Milan Kundera Has Died at 94 – The Czech writer is best known for his 1984 book The Unbearable Lightness of Being, an exploration into the lives of a group of artists and intellectuals during the 1968 Prague Spring. Kundera’s criticism of the Soviet Union led to his books being banned in then-Czechoslovakia and he moved to France in 1975, eventually becoming a naturalized citizen. (New York Times)
Layoffs at the Auction Houses – Sotheby’s has laid off several employees over the past few months, including senior staffers Jamie Durkin and Molly C. Berry. The auction house also significantly reduced the team behind its Metaverse platform and NFT sales to just three people, including Michael Bouhanna and Davis Brown. Phillips has also sharped its focus on the West Coast to Los Angeles, getting rid of two senior-level positions in San Francisco and Seattle. (ARTnews)
Museum of the Year – As Art Fund’s Museum of the Year, the Burrell Collection in Glasgow has scooped a whopping £120,000 ($155,000) prize in recognition of its major new renovation and rehang, which opened to the public last year. Each year, the Art Fund Museum of the Year champions a excellent cultural institution in the U.K. (Press Release)

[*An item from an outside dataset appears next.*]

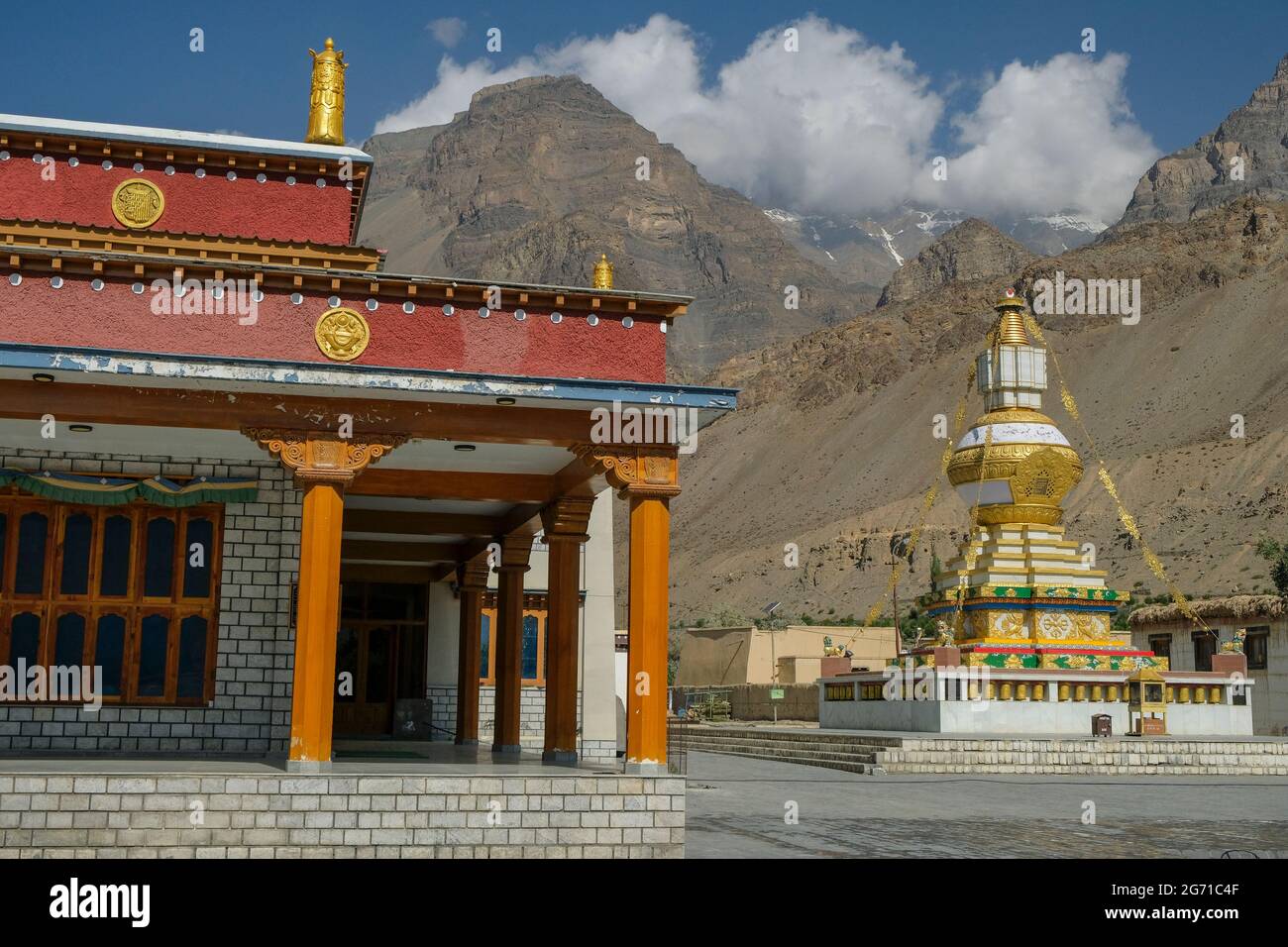 Tabo, Indien - 2021. Juni: Große Stupa des Tabo-Klosters im Dorf Tabo am 1. Juli 2021 im Spiti-Tal, Himachal Pradesh, Indien. Stockfoto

France’s Culture Minister Plans Museum of Notre Dame – It has been widely speculated that the new museum might take over the Hôtel-Dieu, a former hospital building located on the cathedral’s forecourt. The planning and construction will be overseen by Charles Personnaz, director of France’s National Heritage Institute. (Le Figaro)
William Kentridge Joins Booker Prize Jury – The South African artist has been chosen as one of the judges for this year’s International Booker Prize, one of the most prestigious annual awards recognizing novels translated into English and published in the U.K. or Ireland. The announcement highlighted how Kentridge’s work is centered around the art of storytelling, which he translates into a wide variety of media including animation, drawing and sculpture. (Press release)

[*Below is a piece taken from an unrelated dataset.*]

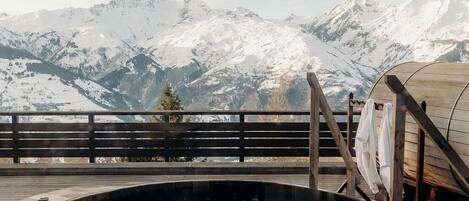 Bain à remous extérieur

Pantheon Nets €200,000 Since Instituting Entrance Fee – In the first week since the ancient Pantheon in Italy began charging tourists €5 ($5.57), the country’s culture minister announced that some 51,275 visitors brought in a total of nearly €200,000 ($22,281); the historic site remains free for Rome residents. Despite the influx of cash, some fear that the tickets may become a commodity traded by black market sellers, as what happened at the Colosseum. (The Art Newspaper)
Käthe Kollwitz Is Coming to MoMA – Early next year, the first New York City-based retrospective and the largest United States-based exhibition of the celebrated German artist will be mounted at the Museum of Modern Art. The trailblazing feminist artist depicted scenes of anguished working class families in the early 20th century, drawing attention to social justice issues of the time. (Press release)
San Francisco-Based Kehinde Wiley Show to Tour US – The acclaimed exhibition “Kehinde Wiley: An Archaeology of Silence,” which is currently on view at the de Young Museum in San Francisco, will set off on a nationwide tour over the next two years. After its California run in October 2023, the show will go to the Museum of Fine Arts in Houston from November 19, 2023–June 19, 2024; the Pérez Art Museum Miami, July 26, 2024-January 12, 2025; and the Minneapolis Institute of Art, February 22-June 22, 2025. (TAN)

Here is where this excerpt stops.